Paul McCarthy | Raw Spinoffs Continuations
Hauser & Wirth
551 West 18th Street, NYC 10011
November 10, 2016 – January 14, 2017
For the last exhibition at its West 18th Street location, Hauser & Wirth will present Raw Spinoffs Continuations, a showing of sculptures by Paul McCarthy that will celebrate the artist’s distinctive process in the making and unmaking of an artwork. It will feature works from the artist’s most important projects of the last 15 years, including WS, Caribbean Pirates, and Pig Island.
Also featured in Raw will be a new series by McCarthy of bronze White Snow Dwarfs alongside the original clay sculptures from which they were cast. These most recent works in the artist’s major ongoing project White Snow vividly illustrate the roles that repetition and variation play in his oeuvre. McCarthy’s 2013 video installation at the Park Avenue Armory White Snow is the modern interpretation of Walt Disney’s beloved 1937 animated classic film Snow White and the Seven Dwarfs, in which the original stories’ archetypal narratives are pitched against real human drives and desires.
McCarthy’s original sculpted clay dwarves were altered and distorted variations of Disney’s Seven Dwarfs. Even in their original iterations, McCarthy’s clay figures possessed additional layers of abstraction as a result of having been sculpted and re-sculpted via the artist’s frantic and impulsive performative process. They were subsequently cast in silicone (2010 – 2012), and although those richly colored versions are not included in Raw Spinoffs Continuations, they are integral manifestations of the journey that has produced this remarkable body of work to date. The process of silicone casting abstracted the original clay sculptures further, so that a second casting in bronze have acquired a new degree of rawness and pathos. Presented en masse, McCarthy’s bronze and clay dwarves reveal the artist‘s engagement with the life cycles of materials and together elicit meditations upon time, mortality, and the role of art in a realm of thought beyond the limits of flesh.

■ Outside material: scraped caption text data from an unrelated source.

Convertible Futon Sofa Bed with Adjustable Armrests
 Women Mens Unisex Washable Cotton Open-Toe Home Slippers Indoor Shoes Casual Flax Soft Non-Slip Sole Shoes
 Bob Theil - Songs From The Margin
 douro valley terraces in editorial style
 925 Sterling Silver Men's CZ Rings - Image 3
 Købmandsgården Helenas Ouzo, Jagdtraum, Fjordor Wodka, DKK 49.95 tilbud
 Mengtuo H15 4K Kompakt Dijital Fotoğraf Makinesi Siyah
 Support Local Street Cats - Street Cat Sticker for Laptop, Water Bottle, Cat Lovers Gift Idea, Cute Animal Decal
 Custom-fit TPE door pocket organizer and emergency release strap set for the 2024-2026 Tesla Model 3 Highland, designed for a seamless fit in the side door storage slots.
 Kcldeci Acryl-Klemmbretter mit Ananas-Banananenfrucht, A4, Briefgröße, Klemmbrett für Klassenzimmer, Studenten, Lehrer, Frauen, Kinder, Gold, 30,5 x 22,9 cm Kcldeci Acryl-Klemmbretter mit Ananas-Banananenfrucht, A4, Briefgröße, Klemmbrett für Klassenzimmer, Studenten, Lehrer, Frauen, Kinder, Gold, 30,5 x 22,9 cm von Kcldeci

Also on view in the exhibition will be the large-scale installation Chop Chop, Chopper, Amputation (2013 – 2016) from McCarthy’s Caribbean Pirates series. In this darkly carnivalesque work, a pair of disjoined clay figures wearing huge pirate hats, loom over a landscape littered with broken body casts, chairs, wooden platforms, sex toys, buckets, mugs, among other detritus, all punctuated by dollops of viscous, deep yellow polyurethane foam. Inspired by the Disneyland attraction ‘Pirates of the Caribbean,’ the Caribbean Pirates project began in 2001 as a collaboration between Paul McCarthy and his son Damon McCarthy; it has produced a prodigious body of work, including sculptures, performance, and film. Chop Chop, Chopper, Amputation is the merging of a pair of individual large-scale works in the series, based on two drawings by McCarthy – Chopper and Amputation – that were originally intended to stand independently from one another. Envisioned as a pirate boat, the installation rests on carpets that stand in for water filled with debris: the trash that has been thrown overboard by the vessel’s unruly occupants.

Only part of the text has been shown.